Certains d’entre eux peuvent être habillés. Ils sont alors
généralement de grande taille (jusqu’à 50 cm).
Les personnages sont sculptés en référence à la pastorale
Maurel,
certaines localités rajoutent des
personnages, en fonction de leur histoire.
Chaque santonnier a, en fait, créé quelques types en s’inspirant
du folklore et de la tradition, comme le berger offrant l’agneau, rappel
du pastrage, et la femme à la poule noire dont le bouillon était
recommandé pour rendre leurs forces aux jeunes accouchées.
Ainsi, on retrouvera parmi ces silhouettes tous les petits métiers du
siècle dernier, en tout une cinquantaine aux noms tellement évocateurs
!
Jugez plutôt :
- Roustido, la sympathique bourgeoise au parapluie rouge tenu par son mari.
- Bartomiou, incorrigible ivrogne, coiffé d’un long bonnet de coton
qui présente à l’Enfant Jésus une morue plate et sèche.
- Pistachié, le grand dadais qui conduit un âne chargé de
sacs de blé.
- Lou Ravi, qui lève les bras au ciel, en signe d’admiration, mais
aussi le boulanger et son panier de fougasses, la marchande d’ail, la poissonnière,
les valets de ferme portant lanternes, le pêcheur et son filet sur l’épaule,
les boumians (gitans), la vieille à la calen (lampe à huile romaine),
les adorants (personnages à genoux),
l’aveugle conduit par son fils, le chasseur, le rémouleur, le tambourinaïre,
etc.
Les animaux domestiques sont tous
présents également en grand nombre, outre l’âne et
le bœuf qui veillent sur l’enfant-roi, on trouve aussi les moutons
et les chèvres, les chiens, les poules et les chevaux des gardians, le
chameau des rois, l’ours du boumian, les pigeons sur le toit en compagnie
du coq qui réveille les habitants du village pour aider l’ange Bouffareù avec
sa trompette, mais un seul en est à jamais banni : le chat.
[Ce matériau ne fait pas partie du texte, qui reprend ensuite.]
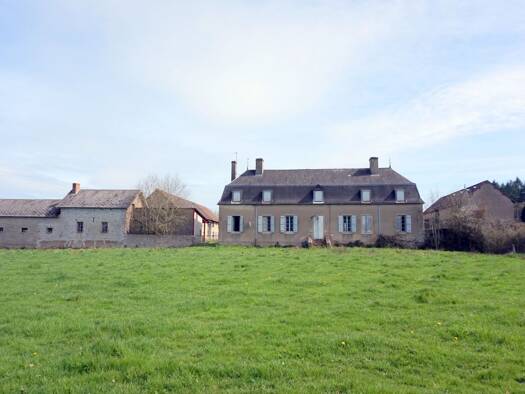 Château à vendre 360 000 € 13 pièces 8 chambres 251 m² 15 000 m² de terrain Flety 58170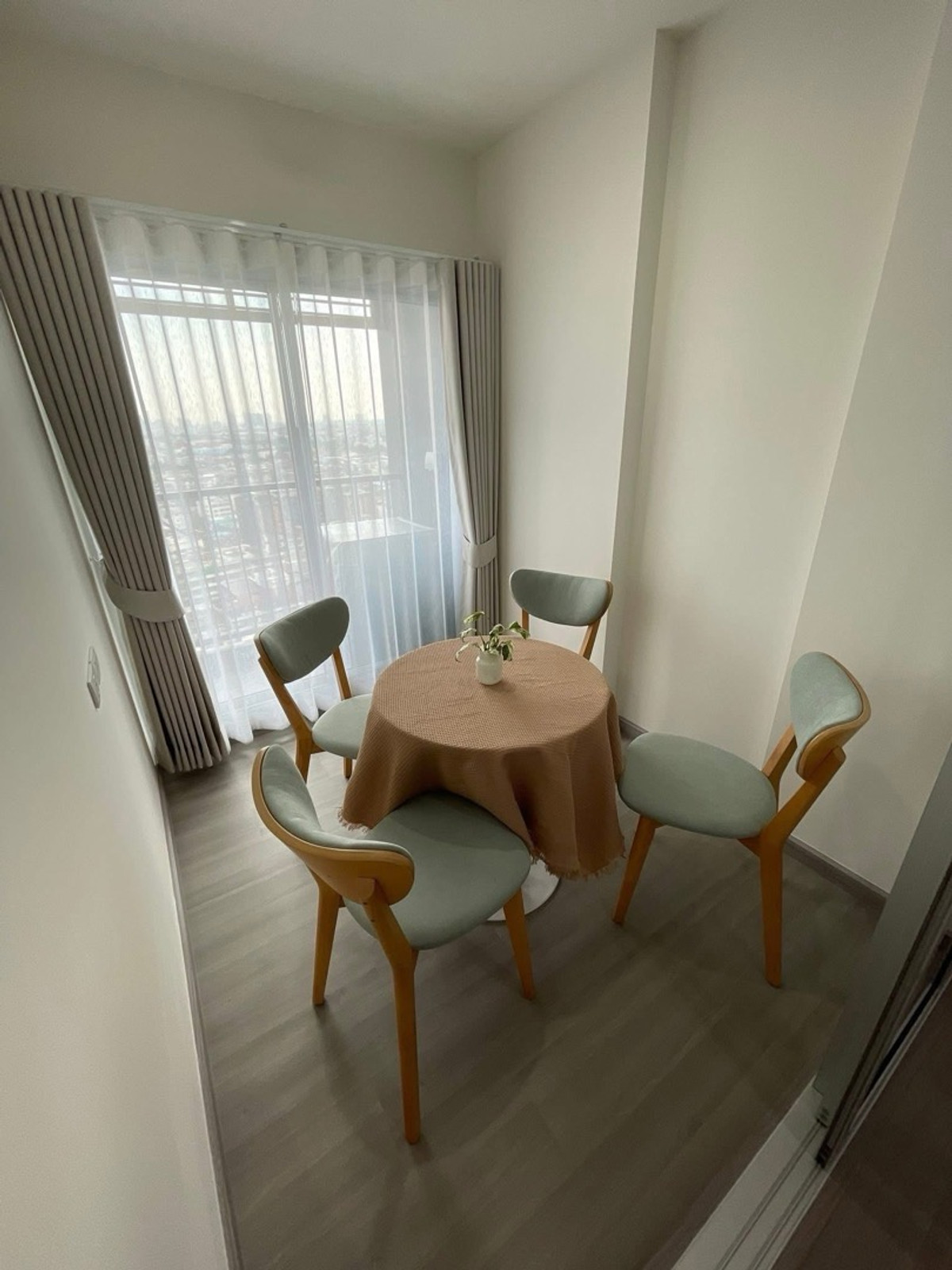 ให้เช่าคอนโดปิ่นเกล้า จรัญสนิทวงศ์ : 🌷เช่าเดอะ เพรสซิเดนท์ จรัญ-แยกไฟฉาย สเตชั่น 1 ห้องนอน 🚝✨ติดMRT แยกไฟฉาย เดินไม่เกิน5 นาที ทัก Line ID : @ladysai (มี@ ด้วย)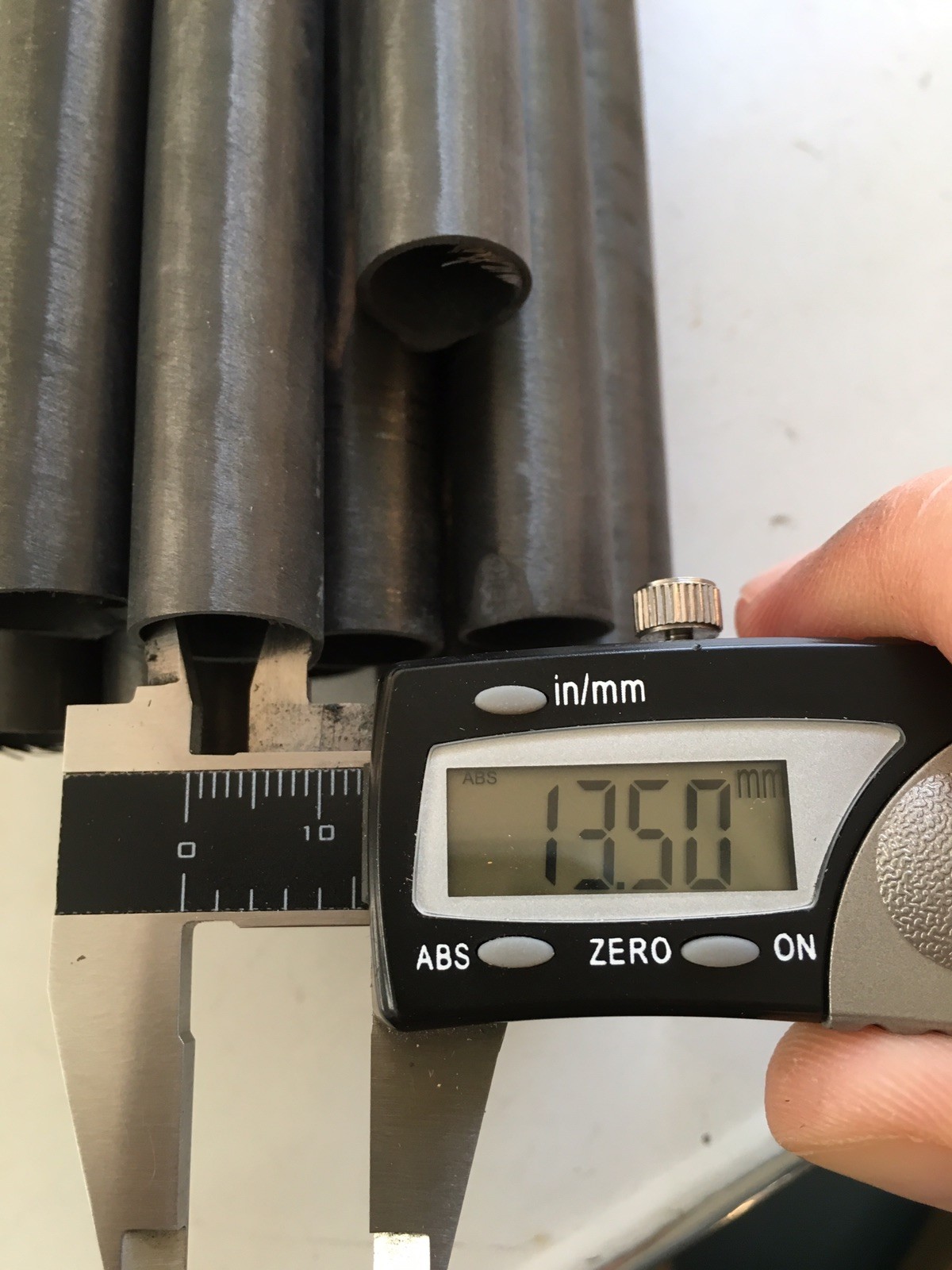 Carbon Fiber Tube Made in USA. .6″ / 15.3mm OD .536″ / 13.5mm ID X 21″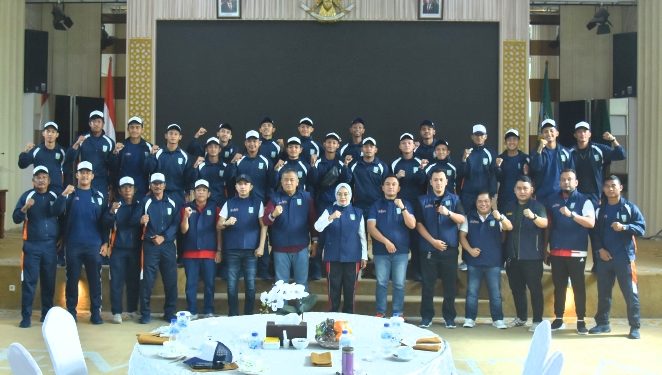 Pj. Walikota Jambi Lepas Tim Sepakbola Kota Jambi Ikut Gubernur Cup 2024 di Kabupaten Batanghari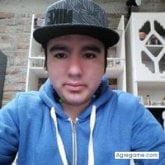 Busco pareja. Alegre. Trabajar.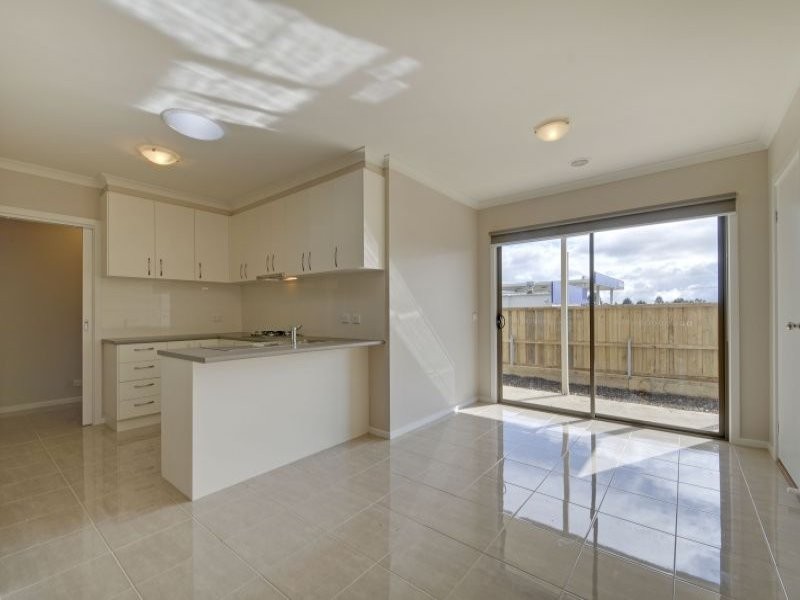 23-25 Central Avenue, Newborough VIC 3825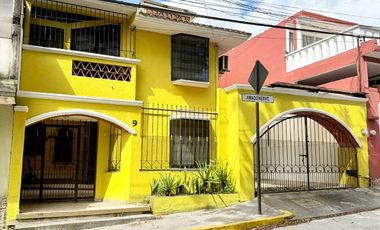 Casa en venta con habitación en planta baja en Sipeh Ánimas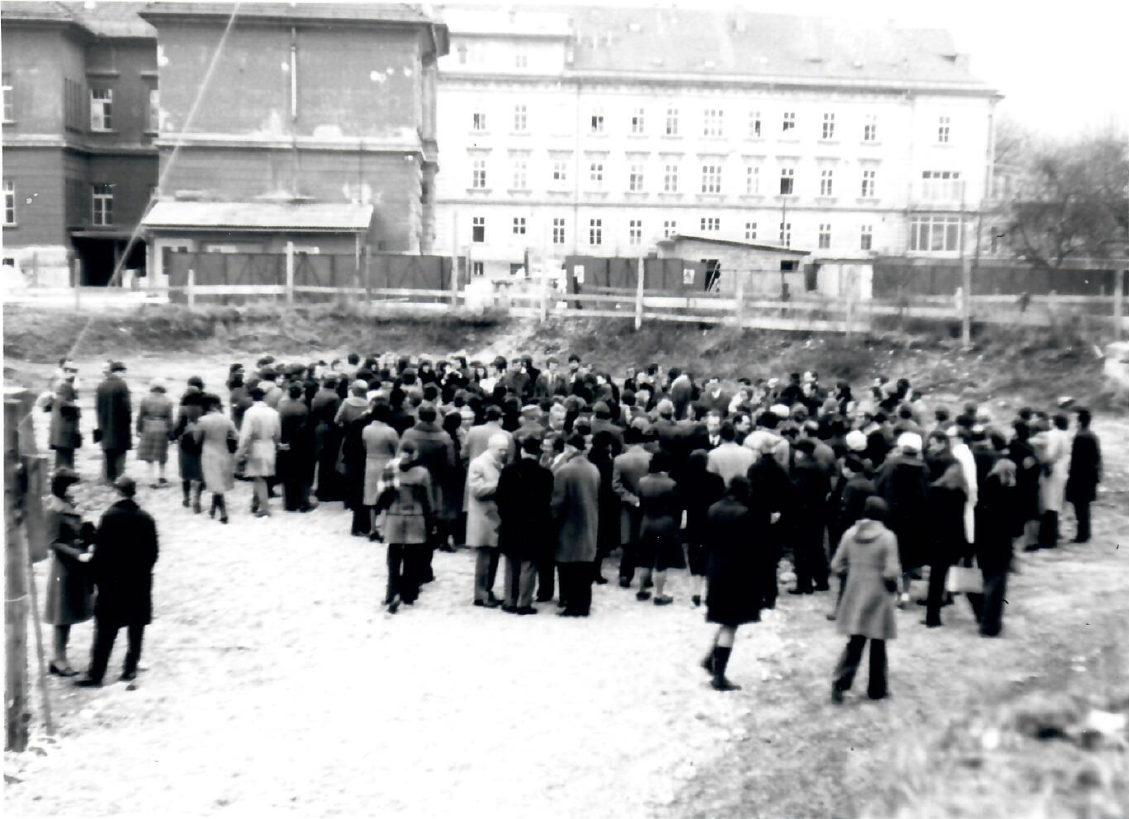temeljni_kamen_obiskovalci.png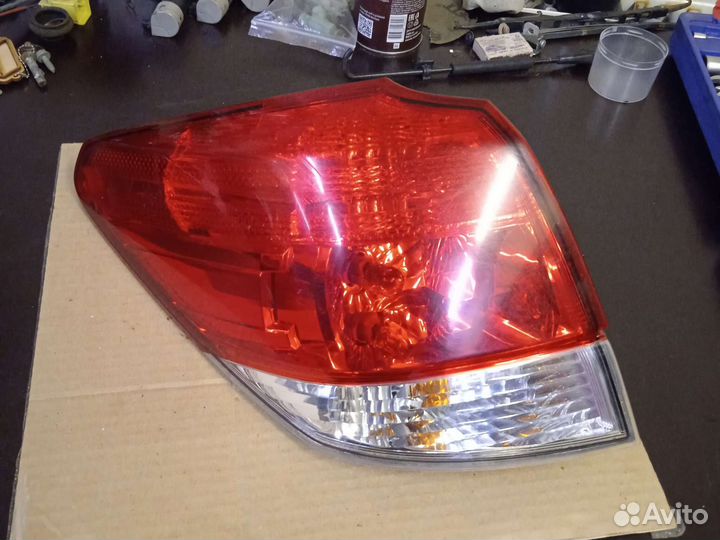 Задний левый фонарь Subaru oytback br9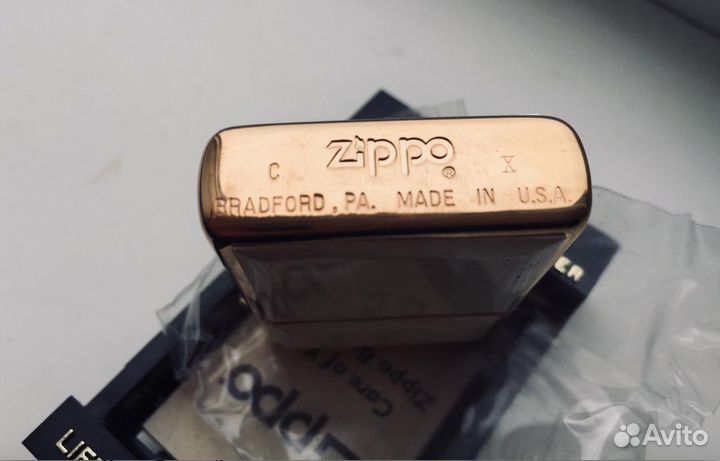 Zippo 208 с изображением корабля scrimshaw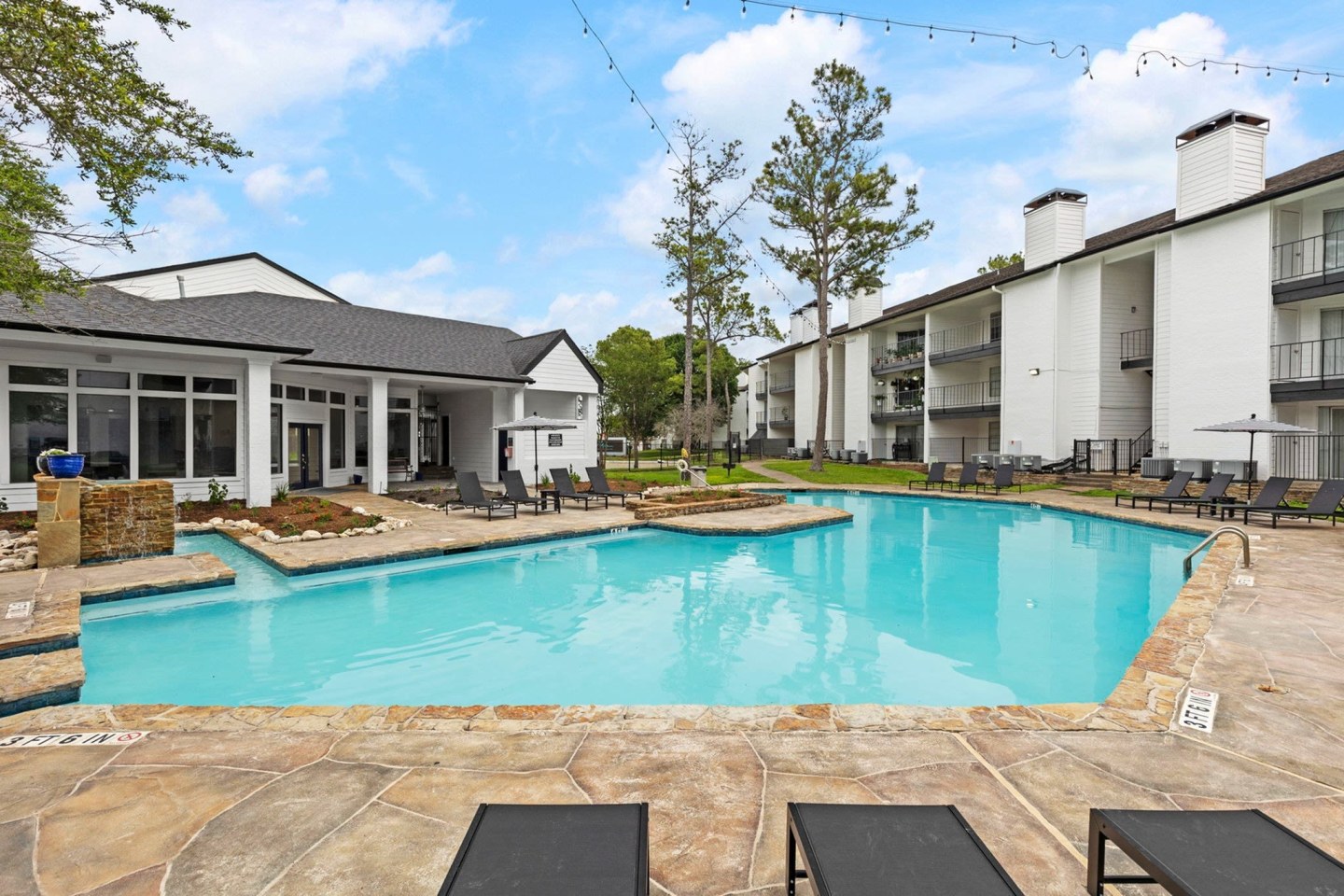 LXMI Westchase West Image 20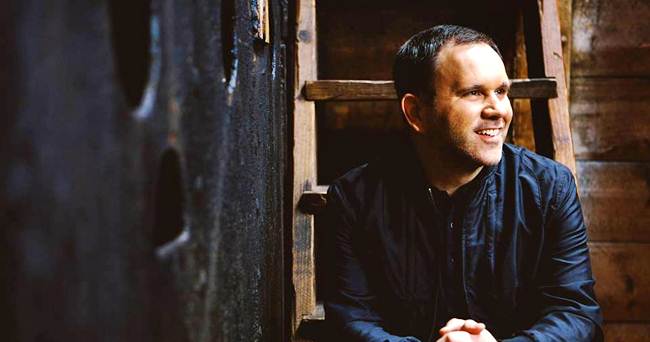 Worship Leader Matt Redman Signs With Integrity Music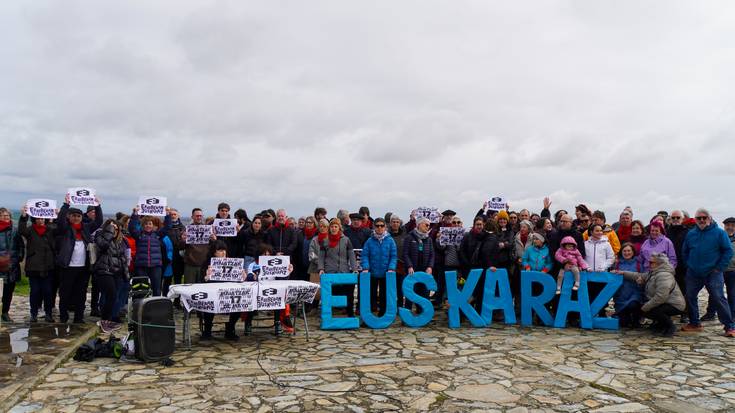 Euskara sustatzeko eta sareak ehuntzeko taldea sortu da Erriberan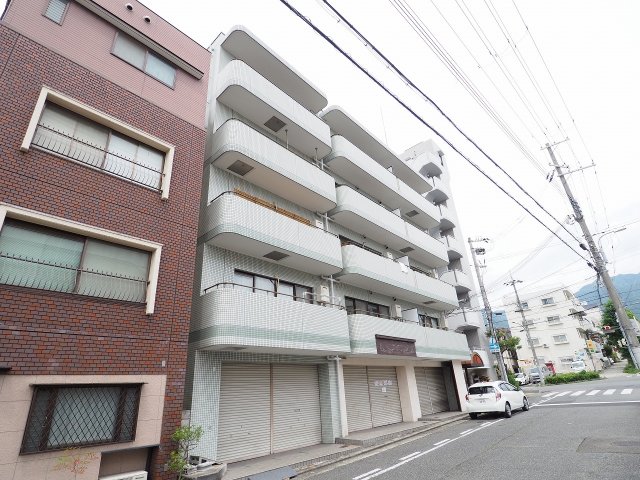神戸市灘区上河原通3丁目の賃貸マンションの外観 神戸市灘区上河原通3丁目の賃貸マンションの外観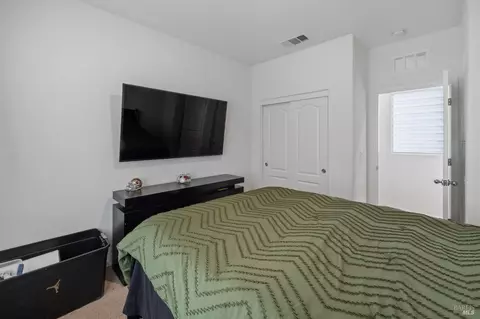 Bedroom - 2393 Sheldon Dr, Fairfield, CA 94533 photo 5 of 9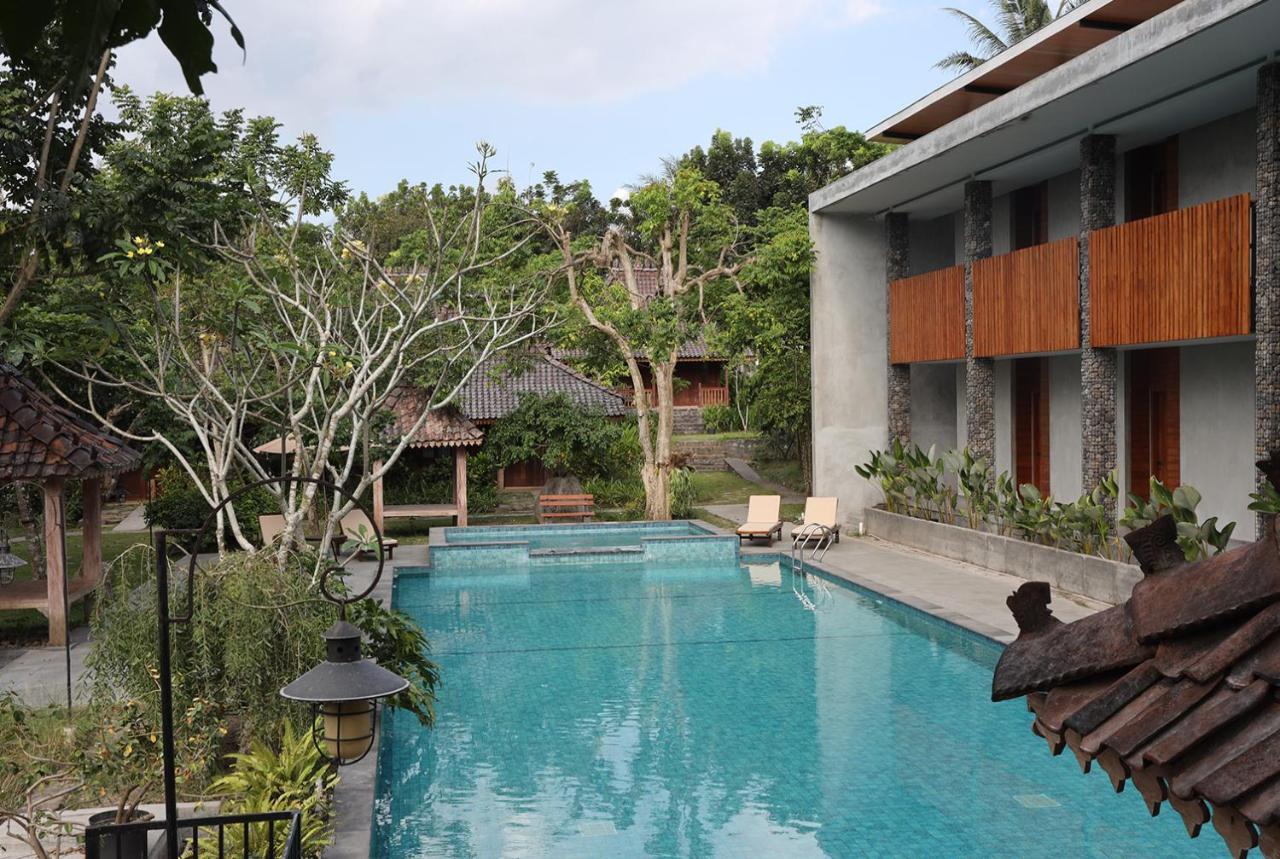 Amata Borobudur Resort Magelang Exterior photo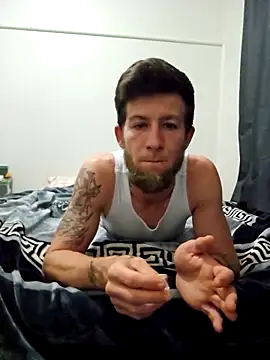 Snapshot of Couplesplay1 chatting on 14, 9, 2025 Couplesplay1 online show from 14, 9, 2025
Associé aux
pratiques de sorcellerie il aurait été interdit de crèche
par Saint François d’Assise, nous dit la légende. Une autre
légende prétend même que pour inaugurer un nouveau four,
le santonnier met à cuire un chat d’argile jusqu’à ce
qu’il casse. Le mauvais sort est ainsi conjuré.
Tous ces personnages sont regroupés autour de la Sainte Famille et des
trois Rois Mages mis en place seulement le 6 janvier. Le santon est un phénomène
purement provençal qui s’intègre totalement dans les traditions
calendales ; naïves et drôles, familières mais dignes, ces
petites figurines font depuis longtemps la joie des enfants de Provence avant
d’intriguer, puis d’attendrir les adultes.